Politacal parties should be banned as should lobbying. Parties have there own agenders which are not those of the general public, and lobbying favors powerfull companies and their agenders which are not those of the general public.

Untill those things are addressed we shall not have an un-biased political system.
 
A jury system for parliment is by far the best way to have a 1st house, It is literaly, government of the people, by the people.

Politacal parties should be banned as should lobbying. Parties have there own agenders which are not those of the general public, and lobbying favors powerfull companies and their agenders which are not those of the general public.

Untill those things are addressed we shall not have an un-biased political system.
 
A jury system for parliment is by far the best way to have a 1st house, It is literaly, government of the people, by the people.

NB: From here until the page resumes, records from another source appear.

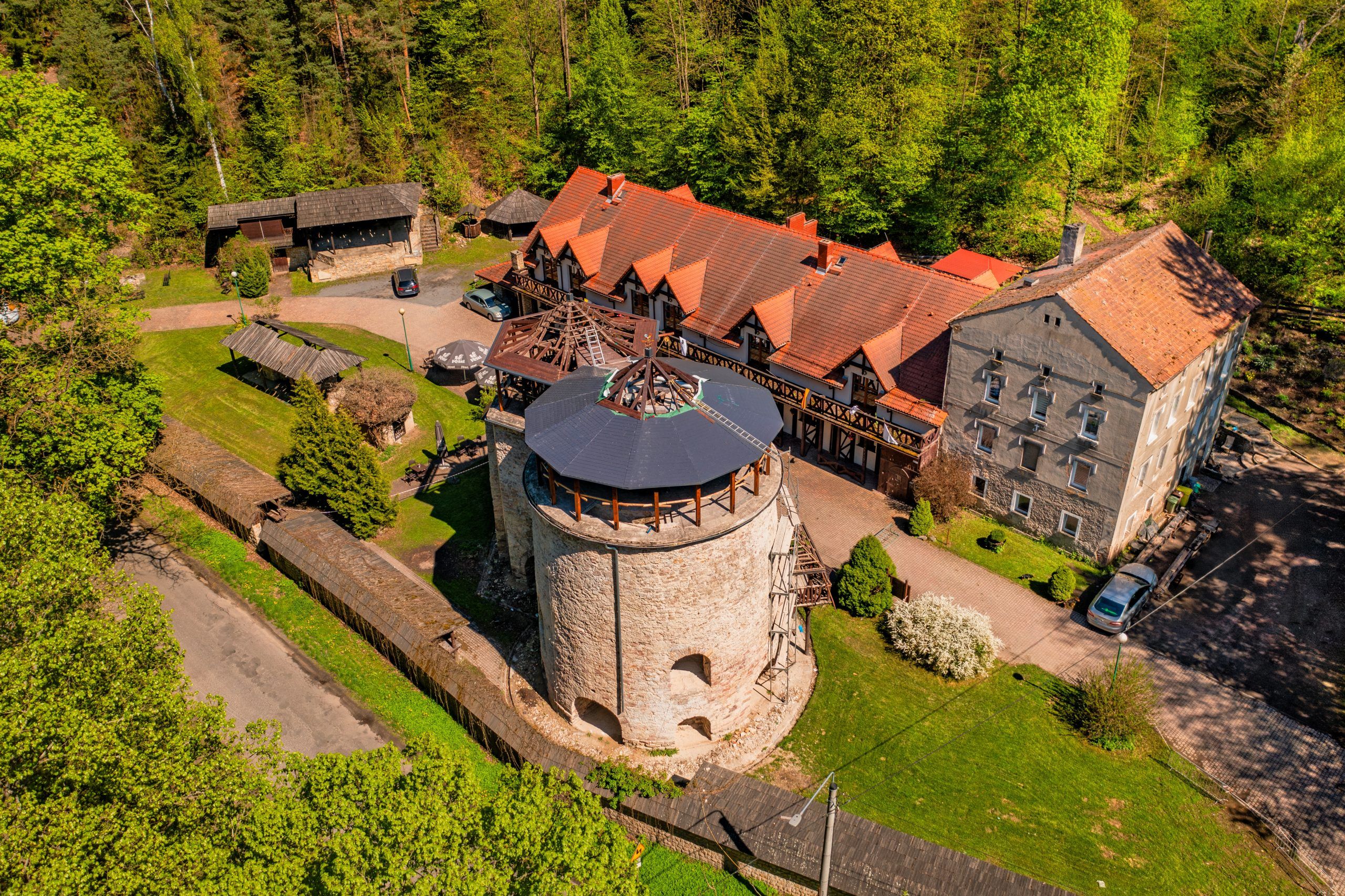 Z lotu ptaka widać solidny, prostokątny budynek z kamienia, z dwoma dużymi, drewnianymi kołami po bokach, otoczony gęstą, zieloną roślinnością i drzewami.
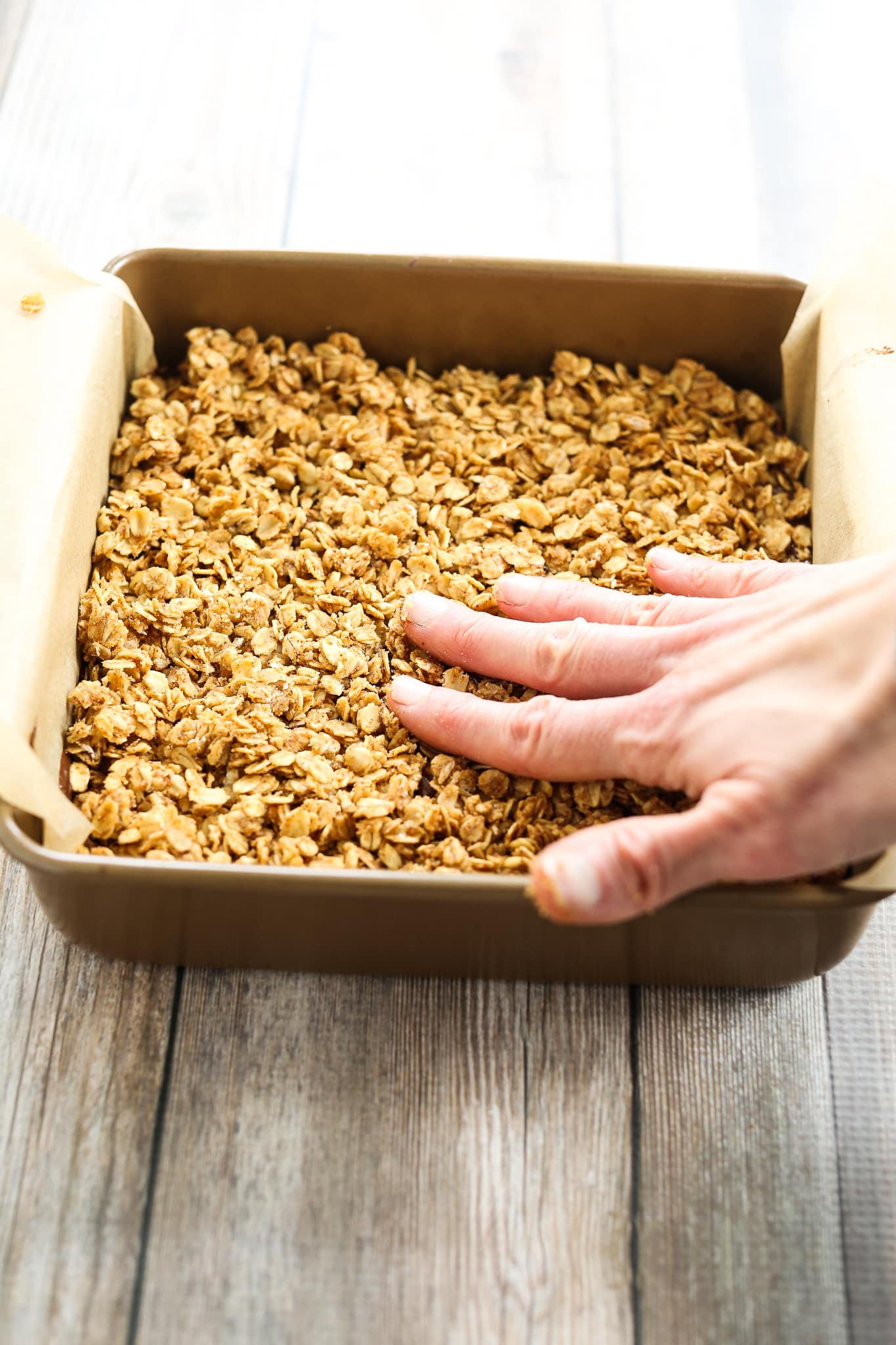 pressing oat mixture down with hands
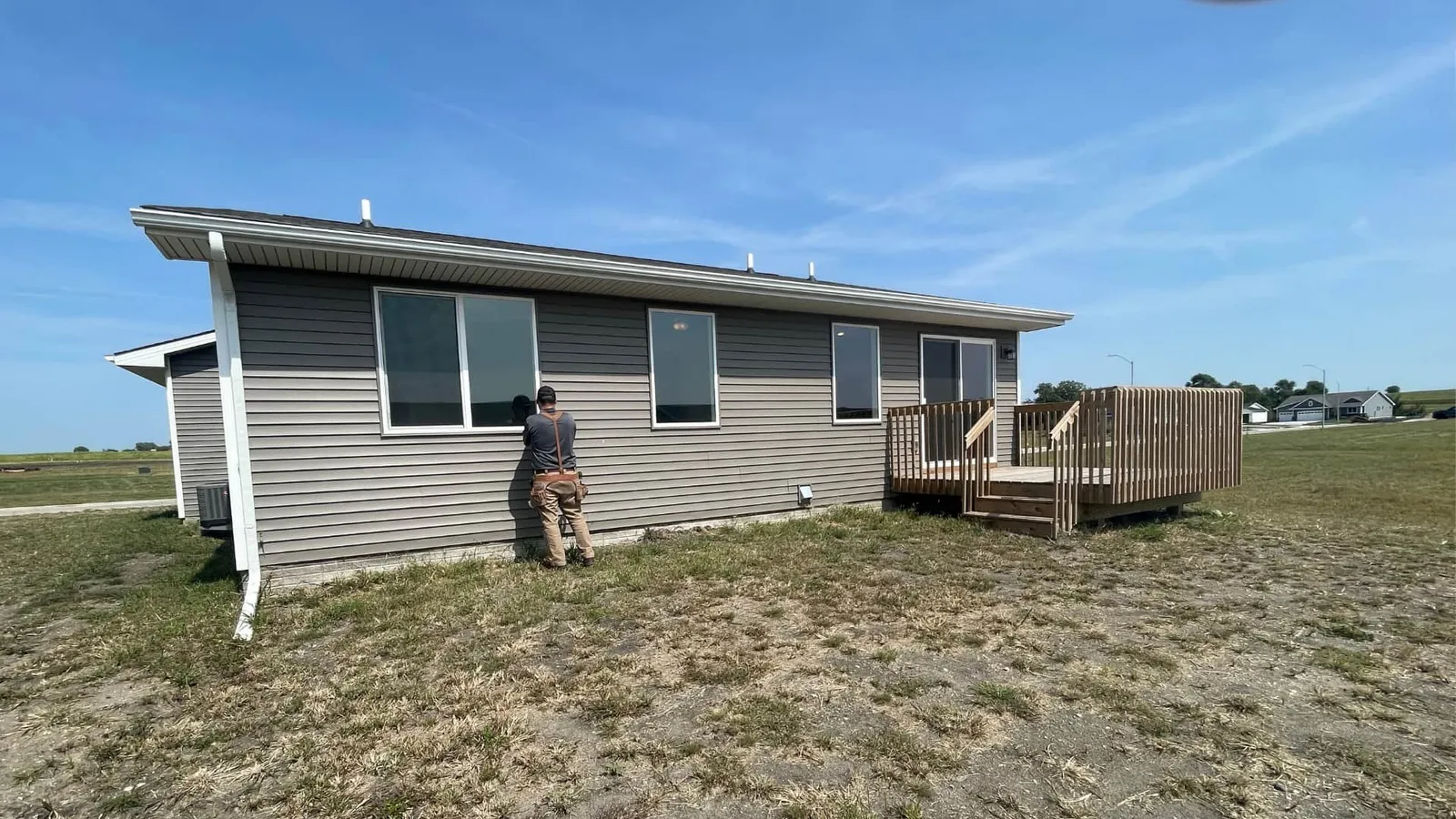 Inspector examining the siding of a gray ranch home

Politacal parties should be banned as should lobbying. Parties have there own agenders which are not those of the general public, and lobbying favors powerfull companies and their agenders which also are not those of the general public.

Untill those things are addressed we shall not have an un-biased political system.

A good example of the way in which politics is misdirecting governance is the way in which it is not good buisness to avoid damage to the planet because it is expensive.

ie, our species has, uniquely on this planet, invented a system to manipulate people (To impell them do stuff they dont nesseraly want to do) and give value to and store the work done. It is of course money.

Because we cant come to turns to our own invention, we will destroy the planet.

If there was less intervention by "vested interests" this situation would not occur.
 
That is an interesting idea Leon. I personally wouldn't want it for a first chamber because I am sufficiently elitist to want our leaders to average smarter than most of us but I could see this as a way of running a 2nd chamber with power to limit government My problem with 2 chambers is that they have to be selected in significantly different ways for there to be any point & yours would be a way to do so & yet keep both democratic.